TO DO »
Without including any images, repeat the listing below exactly.

MATERIAL FOR THE TASK »
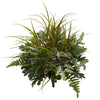 Nearly Natural 6084-S2 28" Artificial Mix Greens Plant, Set of 2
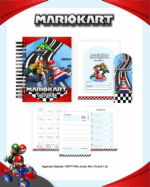 Combo Escolar Completo - Mario Kart - Imagem 3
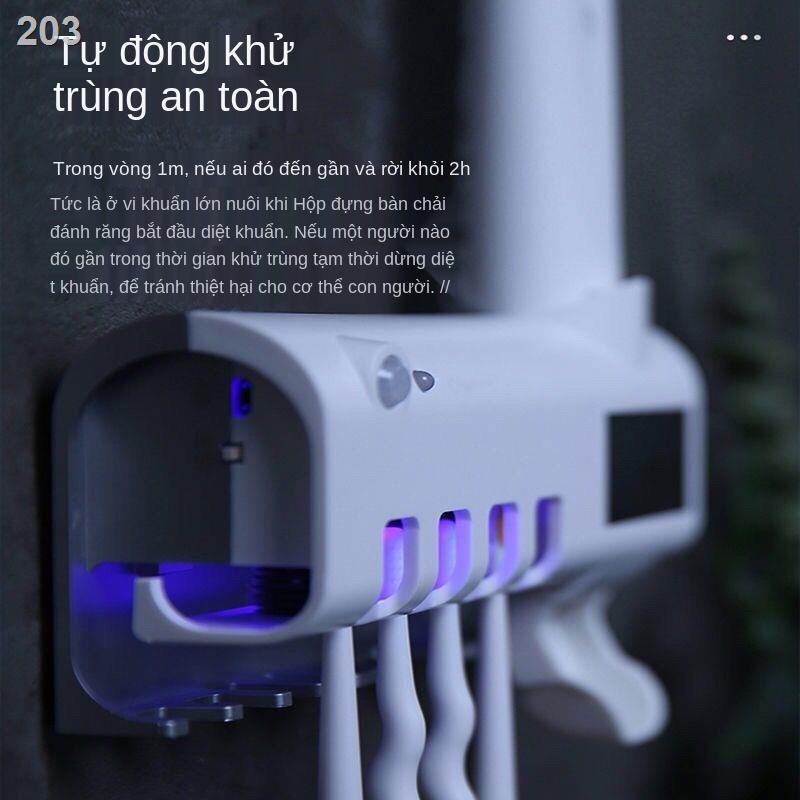 [2021]Bàn chải đánh răng thông minh UV Máy tiệt trùng Bán buôn Kem Thiết bị bóp đục lỗ Giá đỡ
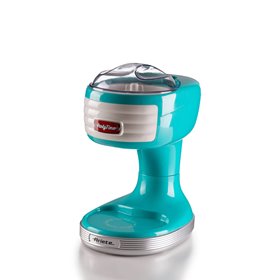 Ariete 76 Ice Crusher Party Time, Macchina per tritare il ghiaccio, 30 W, Cestello tritaghiaccio removibile, Lame in acciaio ino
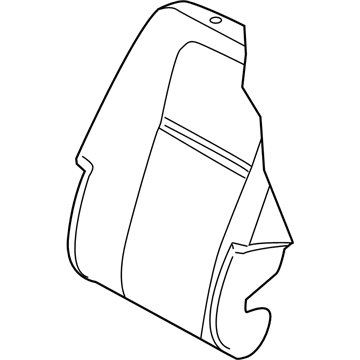 1LR491DVAA Mopar Front Seat Back Cover Illustration 1 of 1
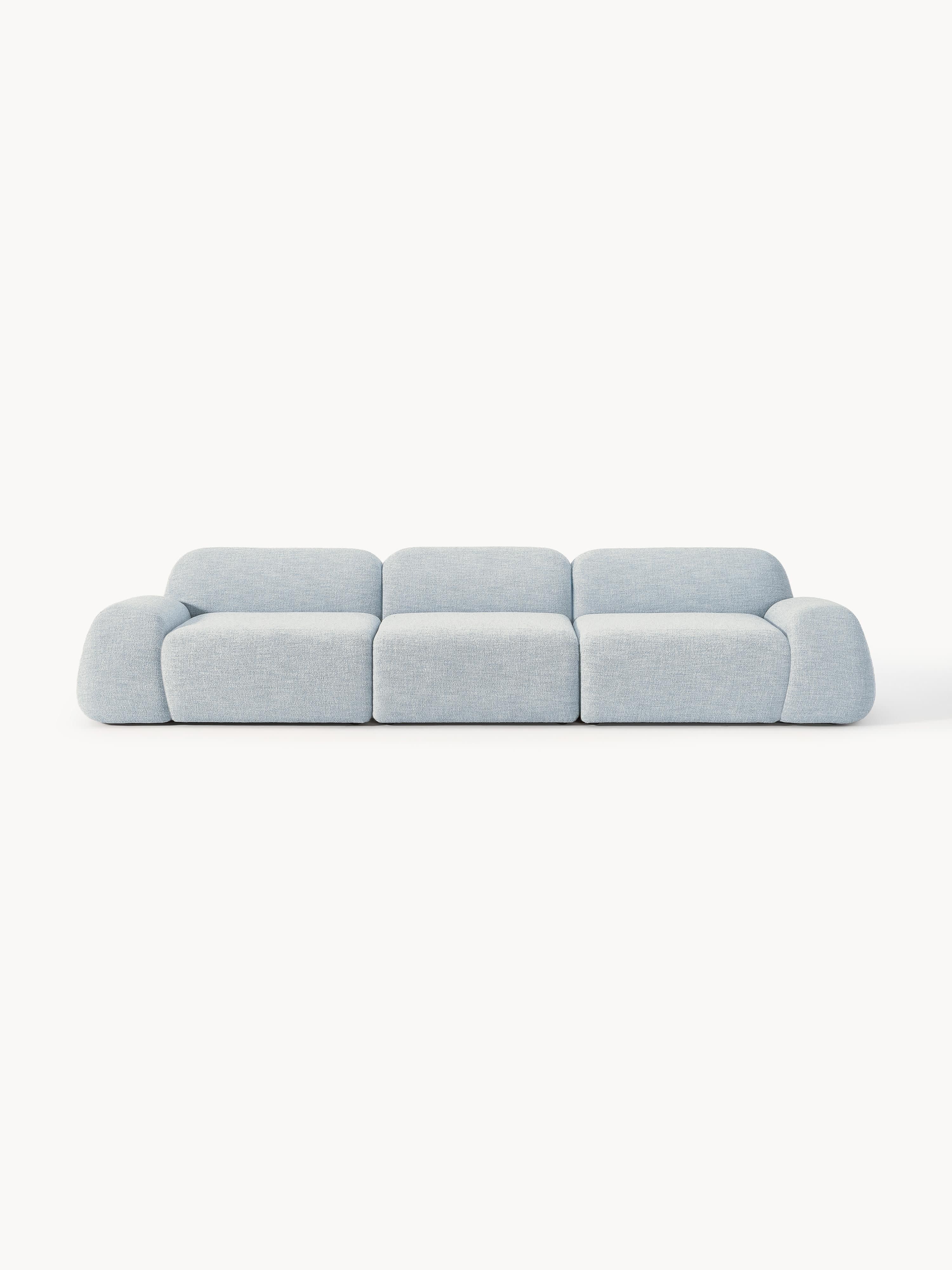 Modulares Bouclé-Sofa Wolke (4-Sitzer)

RESULT OF THIS EXERCISE »
 Nearly Natural 6084-S2 28" Artificial Mix Greens Plant, Set of 2
 Combo Escolar Completo - Mario Kart - Imagem 3
 [2021]Bàn chải đánh răng thông minh UV Máy tiệt trùng Bán buôn Kem Thiết bị bóp đục lỗ Giá đỡ
 Ariete 76 Ice Crusher Party Time, Macchina per tritare il ghiaccio, 30 W, Cestello tritaghiaccio removibile, Lame in acciaio ino
 1LR491DVAA Mopar Front Seat Back Cover Illustration 1 of 1
 Modulares Bouclé-Sofa Wolke (4-Sitzer)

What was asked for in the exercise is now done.